Cover charge was £4 between the two of us, for which we received a couple of slices of soggy (defrosted?) loaf. There are just two bottles of white on the list for less than £24, and a small glass will cost you £7.50 or more. A pork chop is £22, my companion got precisely two oxtail ravioli for £12 and a salad of watercress, green bean and endive clocks in at nearly eight quid. Indeed, the menu has been explicitly designed so that you have to order a side dish with your main – all bar one are offered without accompanying vegetables or carbs. Order steak and chips, therefore, and you’ll find yourself paying £30. In fairness, there’s a set menu of £22 for three courses, although curiously not one of those dishes features on the main menu.
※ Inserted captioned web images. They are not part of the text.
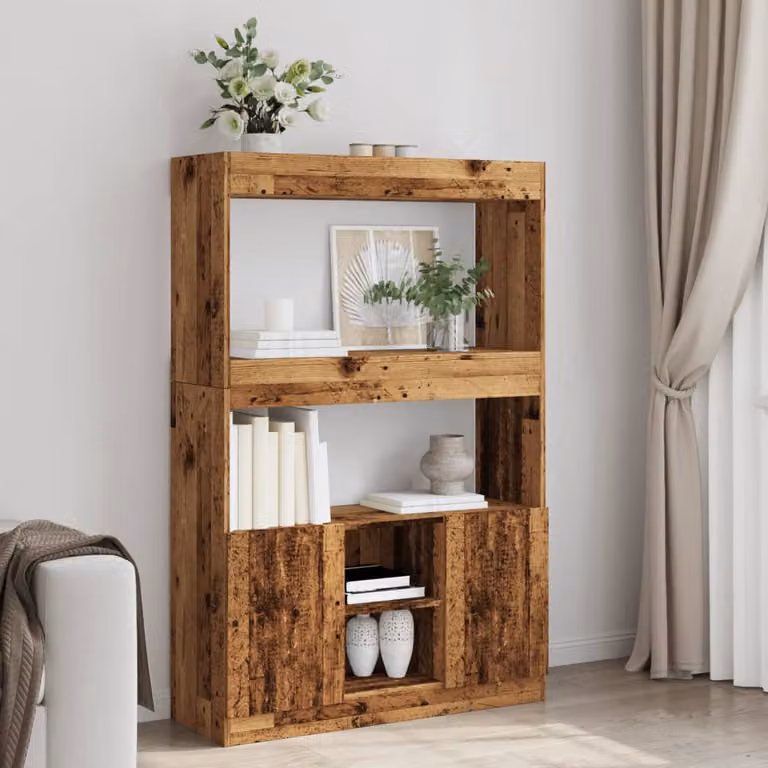 Credenza vidaXL in Legno Antico Marrone con Finitura Opaca L: 92 cm, P: 33 cm, H: 140 cm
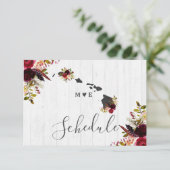 ハワイ州の目的地 ラスティック ウェディング スケジュール 招待状 (スタンド正面)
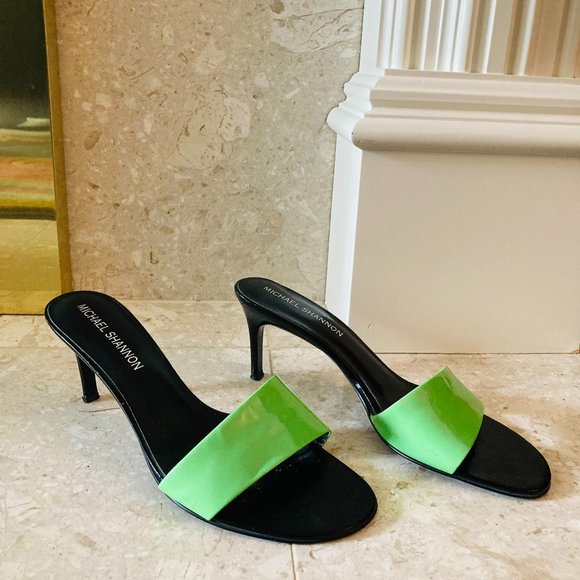 Michael Shannon Lime Green Heeled Slides - Picture 3 of 4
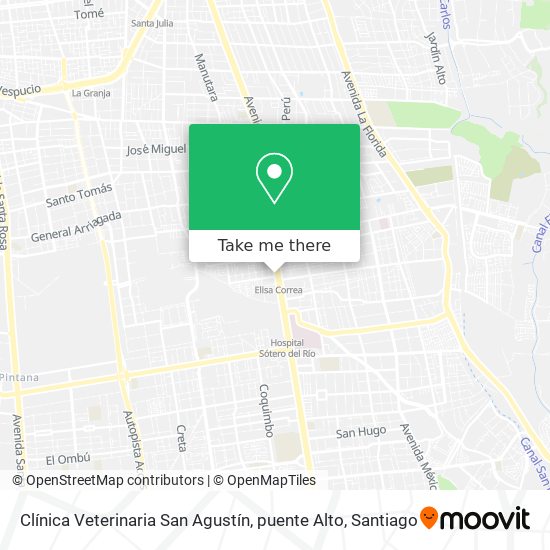 Clínica Veterinaria San Agustín, puente Alto map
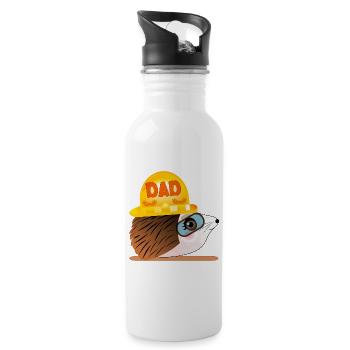 Hedgehog Dad - Construction - Water bottle with straw - white - Right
Perhaps worst of all was that they had agreed to seat a party of 12 people when we went for lunch. The space isn’t that big, so of course this table dominated the room. And the poor buggers – who may or may not have been regional finalists for Photocopier Salesman Of The Year – were squeezed around five tables for two. They were having a gay old time, swapping jokes and bellowing at each other. Isn’t this what private rooms are for? My companion, who had booked the table, actually apologised as she arrived. Evidently the manager preferred to take the money rather than consider the experience of other diners.
Meanwhile, the food itself was good in a top-end bistro sort of way, but often heavily salted. Starter selection was good – dishes like lamb sweetbreads and girolles on brioche, and whisky-cured salmon and salt baked beetroot – but the mains were a bit simpler. However, whoever wrote the menu itself must have been at the drinks cabinet. ‘Black figs’ turned out to be figs. Surely in the 21st century, nobody needs to see spelled out ‘Stilton blue cheese’? And they succumbed to the infuriating restaurant-ism ‘cassoulet’ when describing something that doesn’t involve duck or sausage – in this case, ‘seafood cassoulet’ (which was a pleasant mix of haricot beans,mussels and tiny baby squid).
Service was efficient and pleasant, though the staff-to-diners ratio was too high: five different staff members came to our table during the meal, every single one of them asked how everything was and some even asked how our days were going. They made a little show of wiping down the table in between courses. In short, they are setting out to pretend they’re a restaurant. The British gastro-pub succeeds because it’s a place where you can eat fine food that’s reasonably priced in a casual setting – and not feel guilty if you want a pint with your dinner. This is something that has quite clearly passed the managers of the York & Albany by.